There are four main types of resumes: Chronological, Functional, Combination, and Targeted.

  • Chronological: the most common type of resumes. It lists employment and educational experiences by date in reverse order, with the most recent education and work experience being listed first. This resume format is most commonly used by people who have no large employment gaps and whose experiences coincide chronologically with the position for which they are applying.
  • Functional: focuses on your skills and abilities instead of work history. It is often used by people with gaps in employment, students and recent graduates with limited work experience, and people who have changed careers or have varied work/industry work experiences.
  • Combination: combines skills and abilities with work experience in chronological order.
  • Targeted:  specifically tailored to the position for which you are applying. All details included on the resume will be directly related to the job description or requirements for the position.

Parts of a resume

An employer will typically review your resume between 30-45 seconds. Dividing your resume into sections trains the reader on how to read your resume quickly. Subheadings and formatting further facilitate this. Below is a list of common subheadings. A resume is a customized document and you may choose to use the examples below or create your own.

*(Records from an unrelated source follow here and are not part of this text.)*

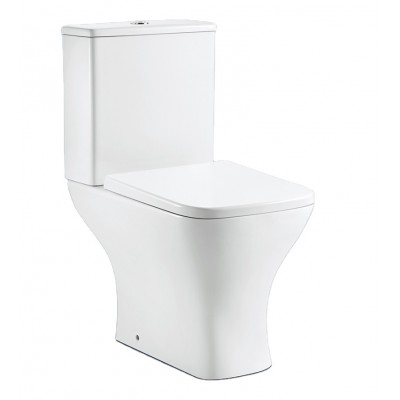 New short 61cm design toilet ceramic rimless WC Toilet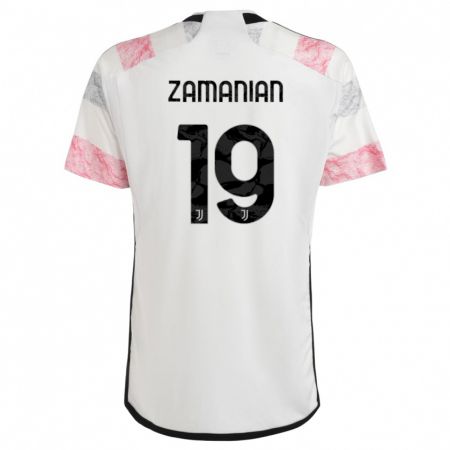 Kandiny Gyermek Annahita Zamanian #19 Fehér Rózsaszín Idegenbeli Jersey 2023/24 Mez Póló Ing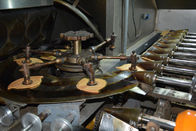 معدات إنتاج مخروط الوفل ، مادة الفولاذ المقاوم للصدأ الأوتوماتيكية متعددة الوظائف ، 39 قالب خبز.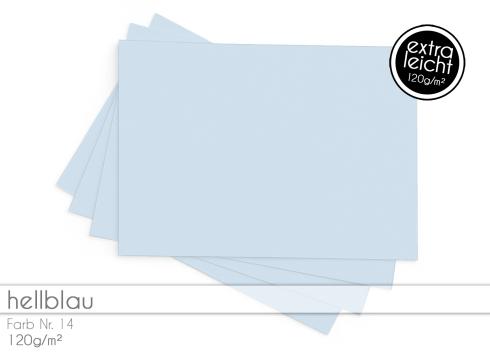 Tonkarton - Tonpapier DIN A4 120g/m² - 25 Bogen in hellblau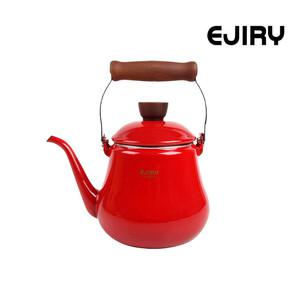 에지리 컬러콜렉션 법랑 주전자 1.5L 레드 / 인덕션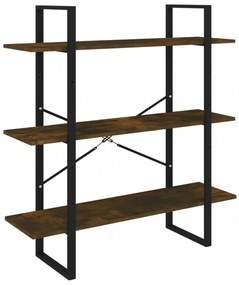 füstös tölgyszínű szerelt fa könyvszekrény 100 x 30 x 105 cm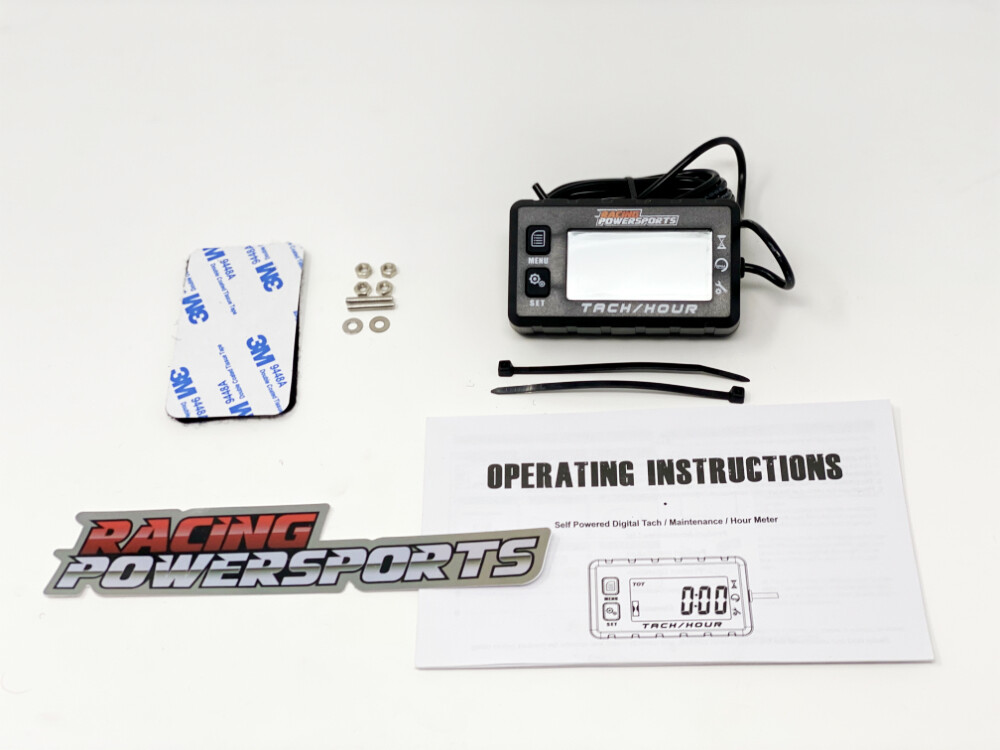RacingPowerSports Engine Hour Meter & Tachometer Waterproof Motorcycle Jet-Ski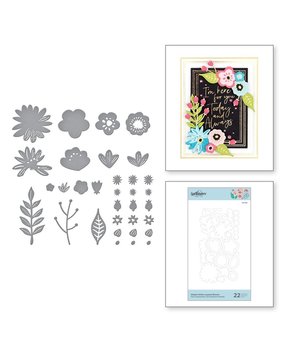 Spellbinders Snijmal Simply Perfect Layered Blooms (S4-1091) Spellbinders Snijmal Simply Perfect Layered Blooms (S4-1091)
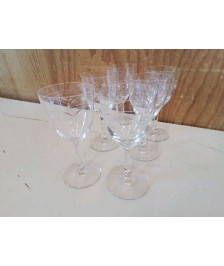 LOT DE 6 VERRES EN CRISTAL 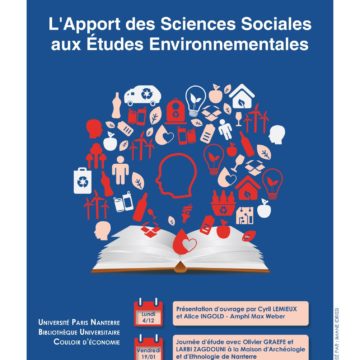 Nouvelle Expo Bibli-EAU : « L’apport des Sciences Sociales en Études Environnementales » (du 04/12 au 15/12 à l’Université Paris Nanterre)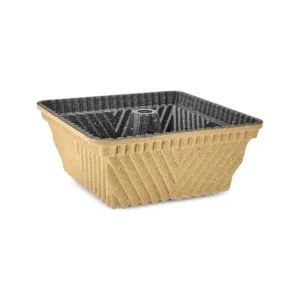 Karaca Felix aluminium gegoten bakvorm | 21,5 cm | Goud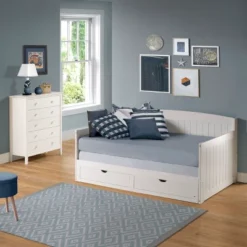 King Harmony Daybed With Conversion White - Alaterre Furniture 20 King Harmony Daybed With Conversion White - Alaterre Furniture -Home Decoration Store GUEST f1d3b3e6 fd5a 4935 a7d7 bf422a61a419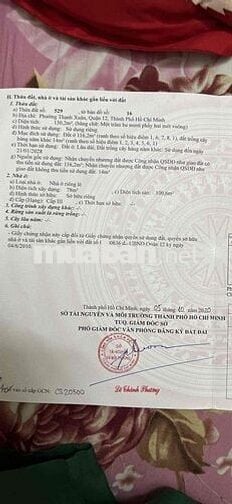 nhà 130m2, 3 phòng ngủ, thạnh xuân 52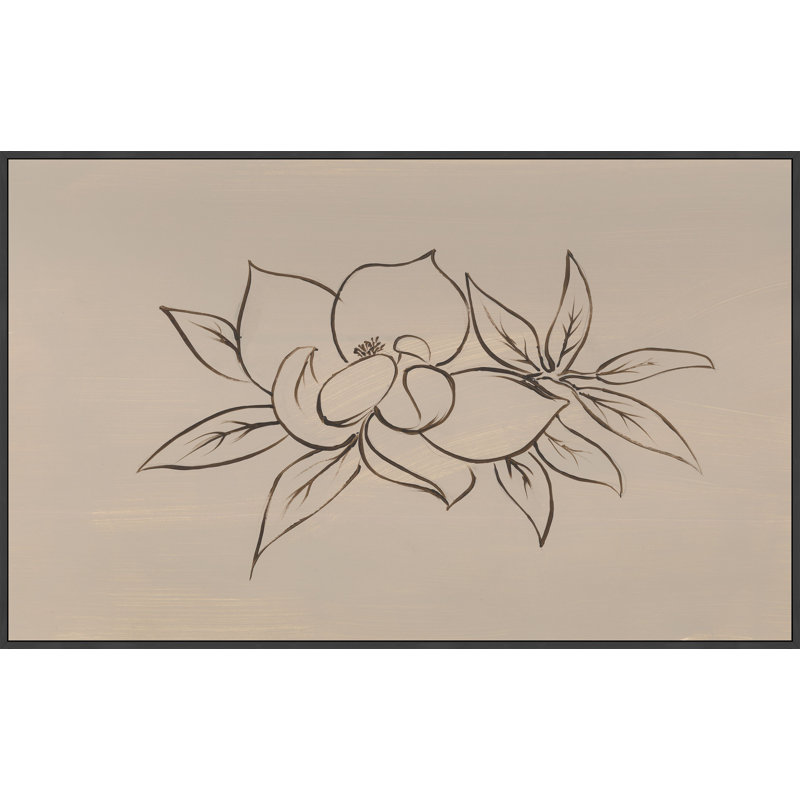 Magnolias In Line II Print by Sam Nash, 31.5" H x 51.5" W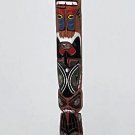 30" Four Figure Decorated Totem Abalone Native American Seattle Area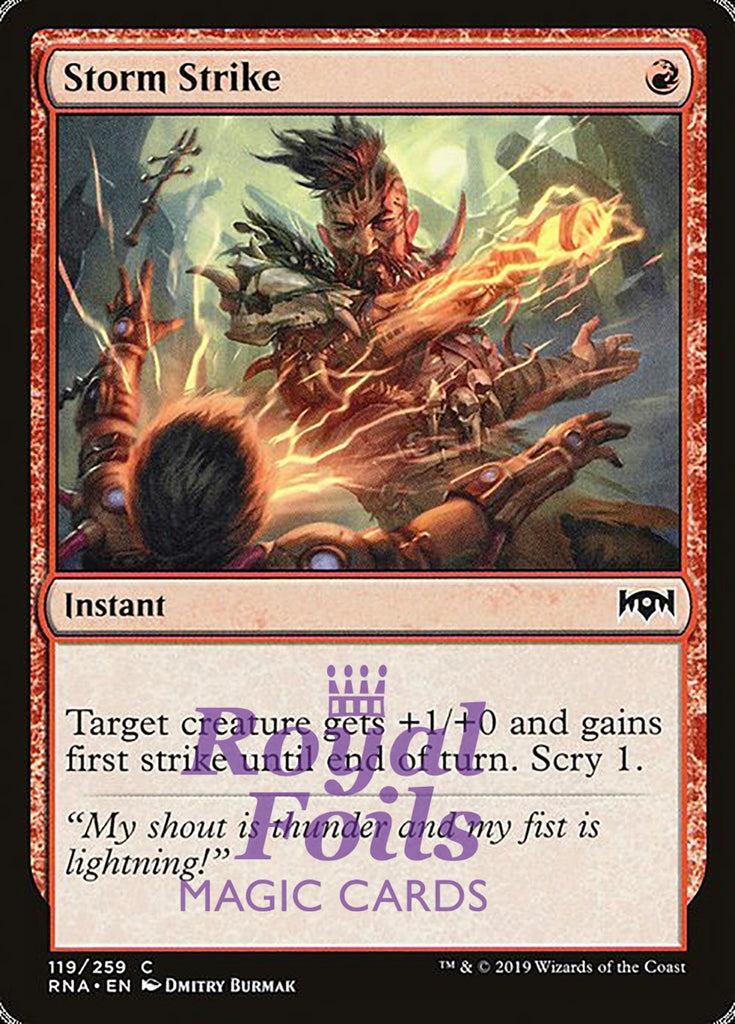Storm Strike 4x FOIL RNA MTG Ravnica Allegiance Common MINT red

  • Header: Includes your name and contact information – mailing address (optional), email address, phone number, professional website link, Skype address etc. This section is very important as this provides information for an employer to contact you. Your name should stand out. The use of a larger font and bolding can facilitate this. Ensure that your email address is professional. It is recommended that you use a simple email address that includes your first and last name. Including an online portfolio link or LinkedIn profile address is also acceptable and may set you apart from other candidates. Be sure that you include your header on all documents submitted with an application packet. That allows your documents to be easily identified if they become separated.
  • Objective: A targeted sentence or two that states the position you’re applying for and the company to which you’re applying.
  • Professional Summary: an overview of your most valuable skills placed at the top of your resume for the purpose of attracting the employer’s attention and prompting him/her to continue to other sections of your resume.
  • Education: A listing of your educational accomplishments, including achievements acquired and those in progress. This section needs to detail degree(s) achieved (official degree title(s)), dates of completion or anticipated dates of completion, institution(s) from which they were obtained, and the location (city/state/country) of the institution. You may also add your GPA in this section if it is impressive, as well as industry-related certification, training, and licenses with expiration dates.  As a general rule, high school and elementary school education are not included on a traditional resume, especially if you have achieved or are pursuing a college degree.
  • Professional/Work experience: This section allows you to detail your professional work experiences. The title may be adjusted to reflect skills and abilities for functional resumes. It is important that this section includes four key pieces of information for all recorded work experiences: title of position held, company where position was held, location of the company (city/state/country), and dates when the position was held. It’s also important that this information is presented in a manner that makes it very easy for the employer to locate, especially the position, company, and dates. Please see the sample resume for reference. In addition, you will need to provide a description of the tasks and job functions exercised in each listed position. These descriptions are to be presented in bullet-point format. As a standard measure, at least three bullet points are needed (More may be used as necessary). Bullets points should be formulated using APR Statements (please see the APR Statements section of the document).
  • Skills: This section details measurable skills specific to the job description. These are not to be confused with character traits/softs skills. Other skills may be referenced in your cover letter or in your interview. Please see the sample resume for examples.
  • Awards/Achievements: Here you may list any academic, work-related, or community awards and accomplishments. Be sure to list the name of the award, the organization from which you received it, and the date it was received (a year alone is sufficient).

General formatting

  • Traditional resumes typically are formatted in Times New Roman, black, 10-12 pt. font.
  • Color is usually not used on a traditional resume.
  • Refrain from using the phrase, “references available upon request” at the bottom of your resume. Use a reference sheet instead.